Bu, Rönesans ve Aydınlanma’dan sonra üçüncü Avrupa dönemi olabilir mi? Şiddet, silah ve gücün kapılarını kilitleyen, anne şefkati ve yumuşak güç ile ilerlemeyi gerçekleştirerek, yeni ve ferah bir hayat götüren yolu açacak dönem midir? Geçmişte dünyayı dolaşan ve dolaşmaya devam eden, cehalet, ırkçılık, dünyanın birçok yerinde sosyal oluşumların bileşenlerini ayrıştıran toplumsal ayrımlarla toplumları vuran şiddetin kapısını kilitleyecek dönem olabilir mi?
Nasıl ki yeryüzündeki her şey öylesine yetişmiş bir ot değilse aklın ürettiği düşünceler de öylesine gelişmiş değildir. İnsan aklının ve çabasının renklendirdiği tarihi dönemlere uzanan yaşam süreçlerinin ortaya çıkardığı bir oluşumdur. Nitekim, Avrupa hatta Asya ve Latin Amerika’da bazı devletlerdeki siyasi sahne bize bunu söylüyor. Ama ses, görüntü ve renkleri ile asıl sahne, Avrupa kıtasındadır.

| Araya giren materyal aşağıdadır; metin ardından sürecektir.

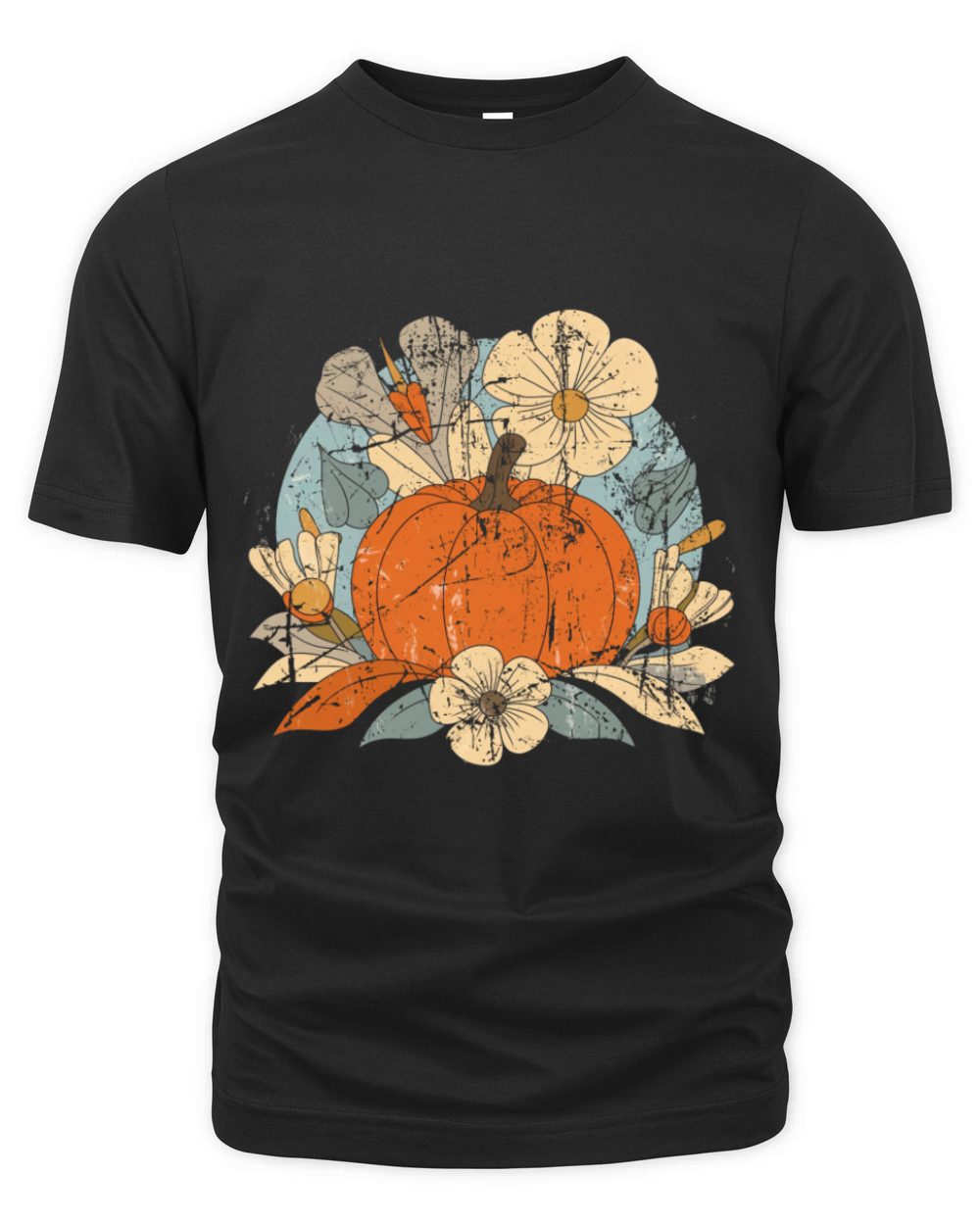 Pumpkin with Flowers Boho Floral Thanksgiving Organic Unisex T-shirt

Birçok Avrupa ülkesinde iktidara ilerleyen bu dişil güç ve momentum, kelimenin tam anlamıyla yeni aşamanın parlak başlığı, kadınlara dair yüzyılların mirası tabuların duvarını yıkan yeni bir anlamdır. İktidar ve yönetime yeni tanımlar getiren, kendisini bir güç aracı değil, hoş ve güzel bir koku, esinti yapan anlamdır.
Mütenebbi şöyle der:
Ne güneşin adının dişil olması
Onun için bir kusur
Ne hilalin adının eril olması
Onun için bir onurdur
- Pakistanlılar, Benazir Butto’yu toprağa verdikleri gün neyi öldürdüklerini bilselerdi, daha ona ateş etmeden önce ağlarlardı.